De Milan à Rome, retour sur l’œuvre de Le Caravage, un assassin, mais surtout artiste de génie.
En octobre 1604, dans une sinistre prison de Rome, la Tor di Nona, on tire de son cachot un prisonnier chargé de chaînes. L’homme est rustaud, violent, de petite taille mais d’une impressionnante force physique. On l’attache au dur chevalet et l’interrogatoire commence.
Dur à la douleur, menteur, cynique, connu pour ses mœurs dissolues et sa fréquentation assidue des plus obscurs bas-fonds de Rome, habitué des batailles de rues, des expéditions nocturnes et de la violence, il a également de formidables appuis dans la cité papale. Car cet assassin est surtout un artiste de génie : Michelangelo Merisi, dit Caravage.
De Milan à Rome
Michelangelo dit Caravage est né le 29 septembre 1571 à Milan. Son père exerce des fonctions qui sont différemment définies selon les sources : contremaître, maçon ou architecte, il a le titre de “magister” ce qui indique qu’il est l’architecte décorateur de Francesco 1er Sforza.
La peste frappe Milan en 1576 si bien que sa famille se réfugie à Caravaggio. Il intègre à Milan en 1584 l’atelier de Simone Peterzano, qui se dit le disciple de Titien. Son contrat d’apprentissage dure 4 ans, à la fin de ces années, il déménage à Rome pour se perfectionner.

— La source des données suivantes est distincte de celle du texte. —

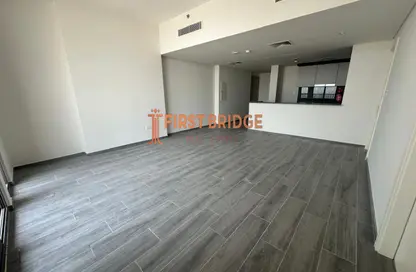 Apartment - 2 Bedrooms - 3 Bathrooms for rent in Noor 3 - Midtown - Dubai Production City (IMPZ) - Dubai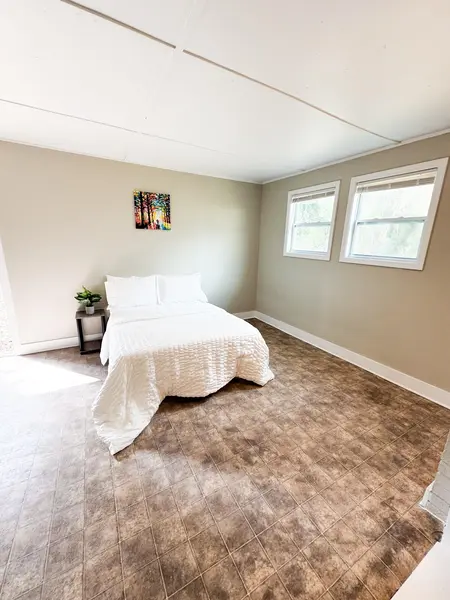 Coliving in Clayton County GA - South Atl, Atlanta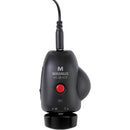 Magnus VC-20-SCP Zoom Controller for Canon, Panasonic, Sony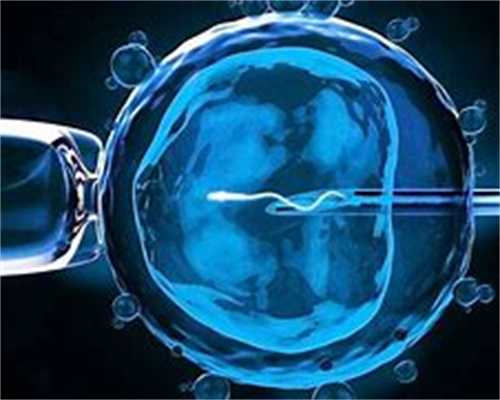 怀孕b超是囊肿怎么办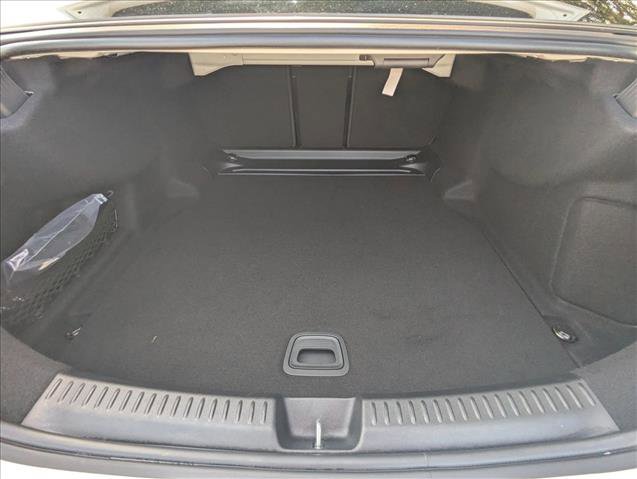 Used 2025 Mercedes-Benz E 350 Sedan image 6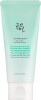 Beauty Of Joseon - Green Plum Cleanser Green 100 Ml - Rens
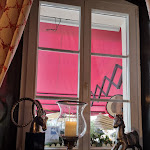 Photo n°4 de l'avis de André.a fait le 01/07/2023 à 23:00 sur le  Restaurant Laterne Baden-Baden à Baden-Baden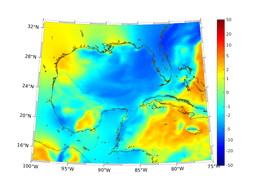 VGRD_10maboveground_12f005_interp.png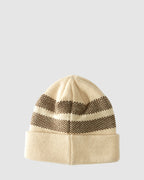 Mens Calm Skies Cuff Beanie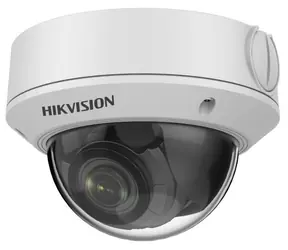 HIKVISION DS-2CD1723G2-IZ (2,8-12 mm) / IP-Kamera / Dome / 2 MP / motorisiertes Objektiv 2,8-12 mm / IR 30 m / IP67, IK10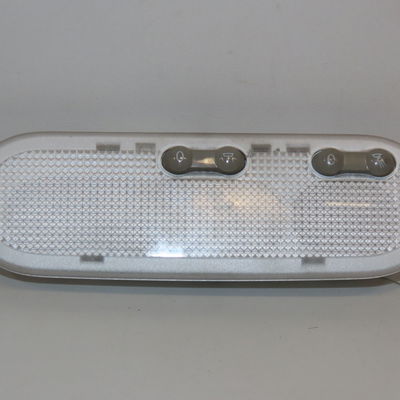 Plafonnier Renault KANGOO Express (FW0-1_) 1.2 tce 115 (fw02, fw14) (2013)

A Rome, il rencontre son premier mécène : monseigneur Pandolfo Pucci, puis un cercle de gens raffinés, composé de cardinaux, de riches marchands, de Grands d’Espagne, va reconnaître en lui un maître. On admire Le Jeune garçon portant une corbeille de fruits et Le petit Bacchus malade. A vingt ans, la gloire lui sourit.
Une anecdote biographique témoigne qu’étant enfant à la suite du suicide de son père, il devint taciturne et solitaire. Il a une amie, la petite Paolina qui est sourde et muette et qui boîte. Les gamins de Caravaggio vont se moquer de la petite fille. Michel-Ange la recueille pour la consoler. Il sort de sa poche un morceau de charbon et dessine son portrait sur le mur. Aussitôt le visage de la petite s'illumine, un sourire s’esquisse sur ses lèvres et peu à peu elle s’apaise.
L’œuvre de Caravage
Il exécute le grand Bacchus, mais son mécène Valentin souhaite qu’il peigne des sujets religieux , des crucifixions, des Vierges et des dépositions de Croix. Mais l’artiste s’obstine à rester fidèle à son propre style et exécute La Diseuse de bonne aventure. La toile est bradée. Désespéré, il abdique et promet d'exécuter une Sainte Madeleine.
Le prince Pamphili commande aussitôt une Sainte Famille en Egypte.
Reconnu, la fortune du jeune peintre est faite. Un atelier lui est réservé. Il peint La vocation de saint Matthieu qui fait toutefois scandale car pas trop catholique.
Provoquant Caravage ne recherche ni les commandes, ni les faveurs, il refuse les invitations des Grands et retourne dans les rues. Il va rencontrer Benedetto, son amant qui lui inspirera David.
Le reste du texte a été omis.